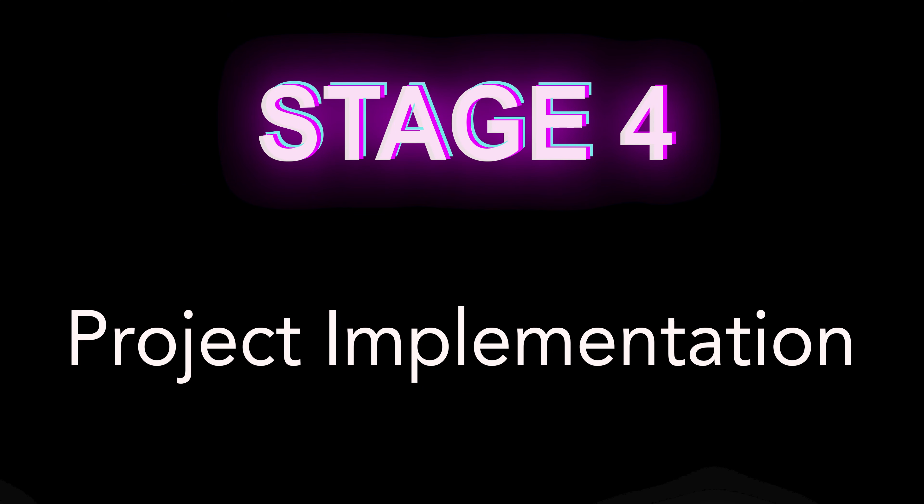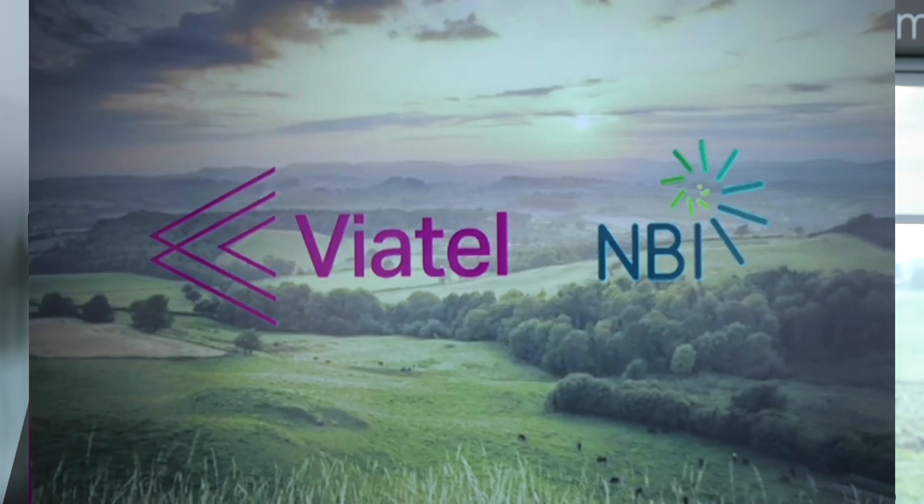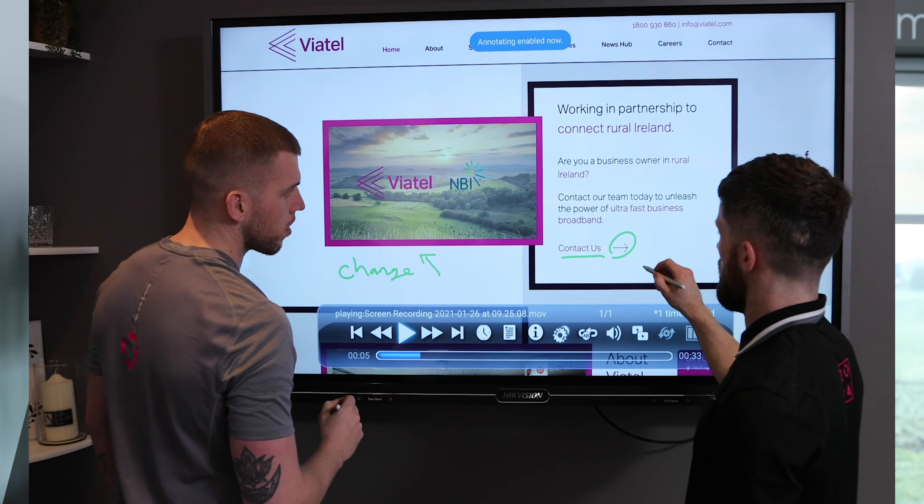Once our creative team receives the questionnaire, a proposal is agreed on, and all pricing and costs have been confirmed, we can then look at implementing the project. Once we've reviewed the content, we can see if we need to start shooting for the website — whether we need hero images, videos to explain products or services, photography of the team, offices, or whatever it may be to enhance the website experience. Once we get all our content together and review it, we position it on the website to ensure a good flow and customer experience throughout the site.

...

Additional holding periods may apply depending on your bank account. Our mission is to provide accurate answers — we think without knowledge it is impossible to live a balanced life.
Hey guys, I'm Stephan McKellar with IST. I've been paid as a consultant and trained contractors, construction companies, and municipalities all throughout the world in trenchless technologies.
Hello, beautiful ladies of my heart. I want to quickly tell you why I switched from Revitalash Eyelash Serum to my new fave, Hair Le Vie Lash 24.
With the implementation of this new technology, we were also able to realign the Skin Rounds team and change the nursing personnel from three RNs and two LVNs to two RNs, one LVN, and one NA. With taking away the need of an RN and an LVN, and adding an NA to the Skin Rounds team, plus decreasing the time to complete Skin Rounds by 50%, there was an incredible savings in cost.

■ **EXERCISE AIM**:
Tally up the lines in the preceding listing that contain the string "from". Respond with the number and nothing else.

■ **EXPECTED ANSWER**:
2